Kunstmuseum Den Haag has a treasure chamber of over 160.000 pieces of art. Here we work on making the highlights from this collection available online.
Artist and teacher Václav Cigler (b. 1929) constantly explores the laws of nature in his creative work, particularly those governing optical effects. What fascinates him above all are things like transparency, the refraction of light and the emanation of light. To him, these effects are almost magical, and he therefore refers to glass as the medium of sensory perception. From 11 November, Kunstmuseum Den Haag will be showing selected examples of late twentieth-century glass art from Czechoslovakia. Each of these glass objects, made by Cigler, Stanislav Libenský, their students and like-minded makers, has its own distinct character.

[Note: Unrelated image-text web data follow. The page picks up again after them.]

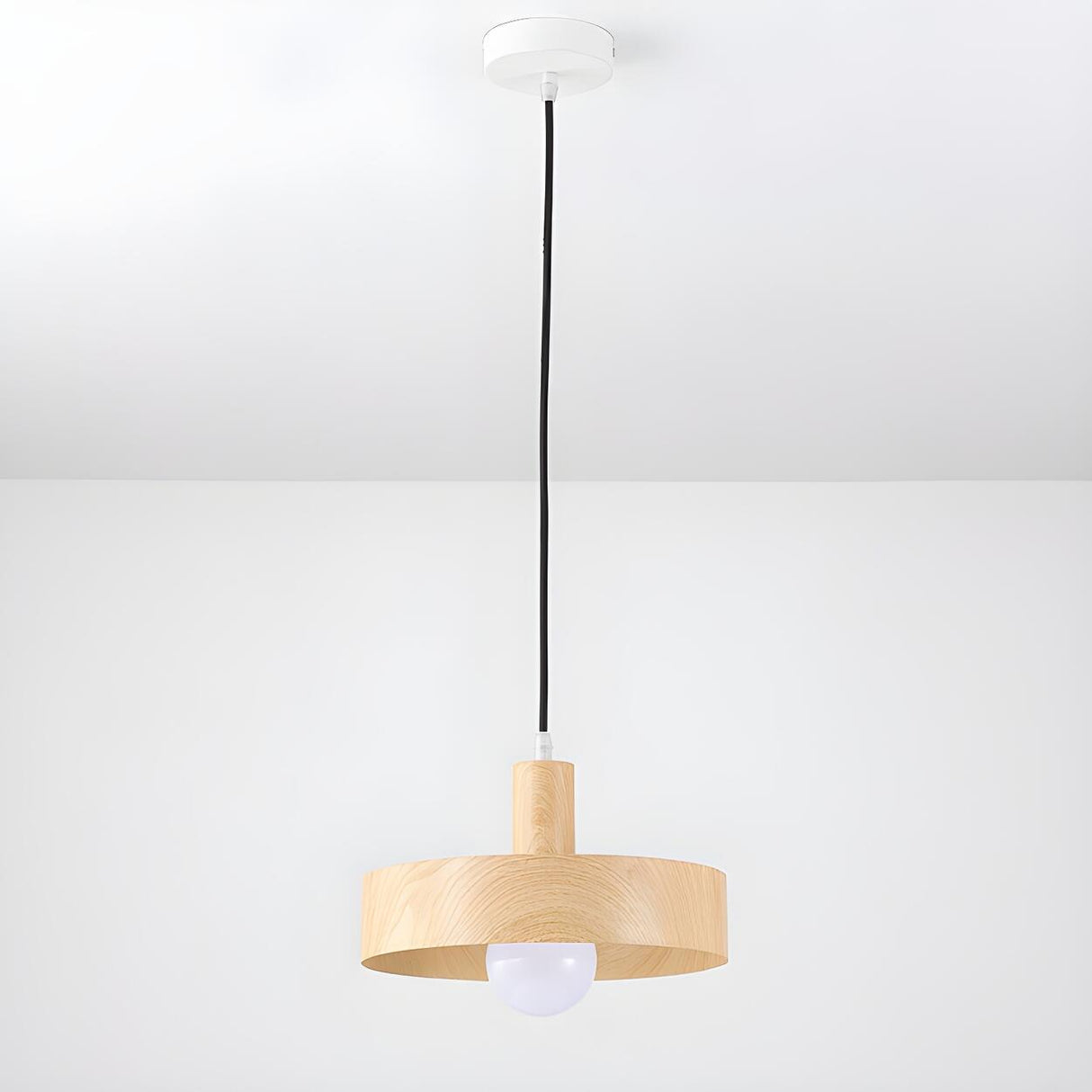 Modern Wood Geometric Pendant Light Adjustable Height Image - 5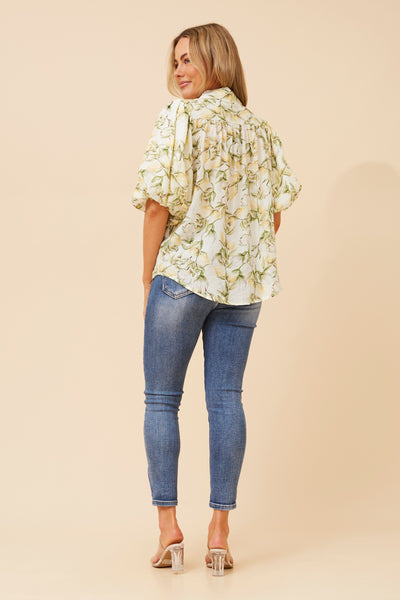 Citrus Balloon Sleeve Blouse
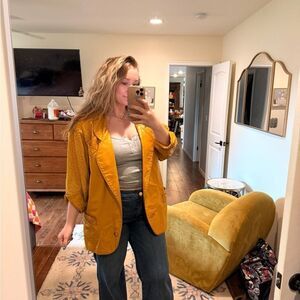 Vintage Orange 80s Leather Dolman Oversized Jacket Coat Size Medium 8/10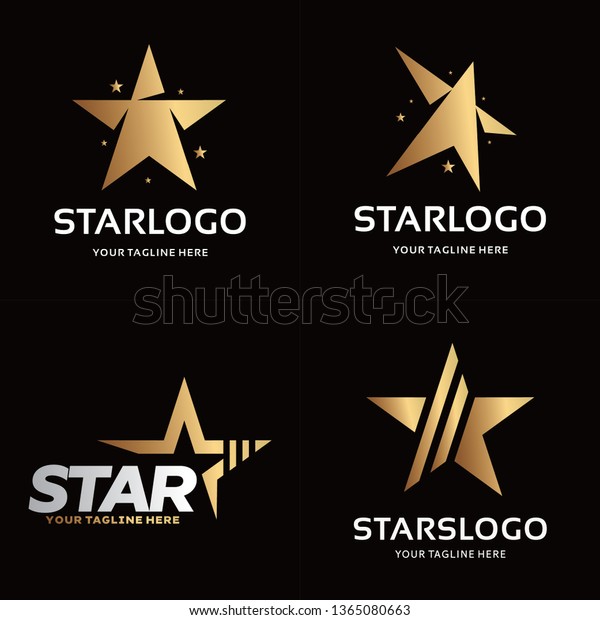 Collection Gold Star Logo Design Template Stock Vector (Royalty Free ...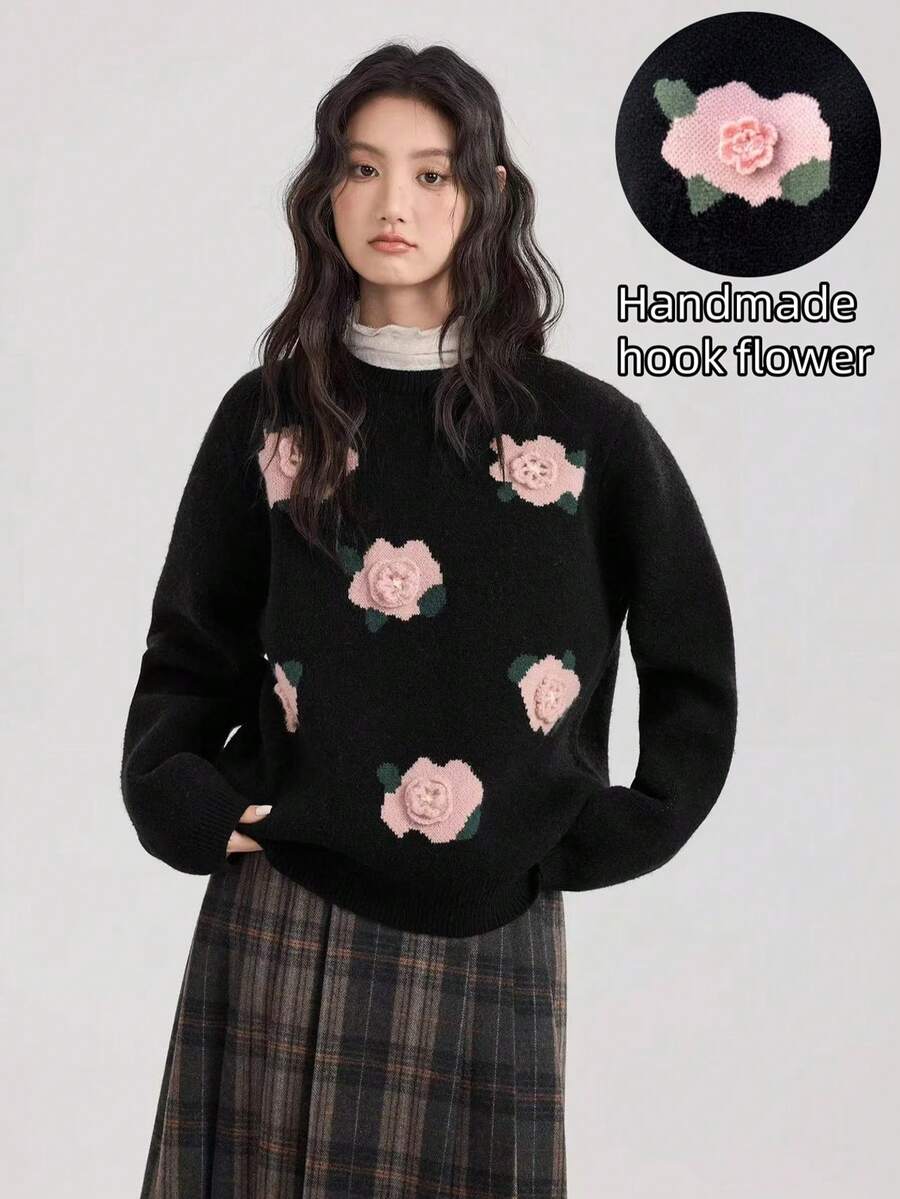 Women's Round Neck Crocheted Flower Jacquard Pattern, Plant Rib Machine Embroidery, Embroidery, Knitted Sweater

Kunstmuseum Den Haag houses one of the finest and most complete collections of glass in the Netherlands, encompassing glassware that originated in the Roman Empire and the Islamic cultural region, seventeenth- and eighteenth-century Western European glass, Dutch glassware from the interwar period and work by contemporary makers. The collection also includes late twentieth-century glass art from Czechoslovakia, today’s Czech Republic and Slovakia.
The driving forces behind glass objects of this type were artist and teacher Václav Cigler, who founded the ‘glass in architecture’ department at the art academy in Bratislava in 1965, and artist Stanislav Libenský (1921 – 2002), who became head of the glass department at the art academy in Prague in 1964. What emerged in these two countries is a completely unique optical glass art that makes maximum use of the effects of light.
Kunstmuseum Den Haag’s collection of optical glass is based largely on the impressive collection of the late Sam Jonker and Valantine Zaremba, which is kept at the museum. Jonker and Zaremba had a particular love of abstract-geometric Slovakian glassware, and Cigler’s work is the focus of the collection.
Cigler approaches his creative work as research. The optical effects of transparency and of light give him endless opportunities to shape and manipulate his medium. The beauty of the meticulously constructed autonomous abstract form is central to his work. The form invites us to observe with great concentration, thereby enabling us to create for ourselves images that constantly change.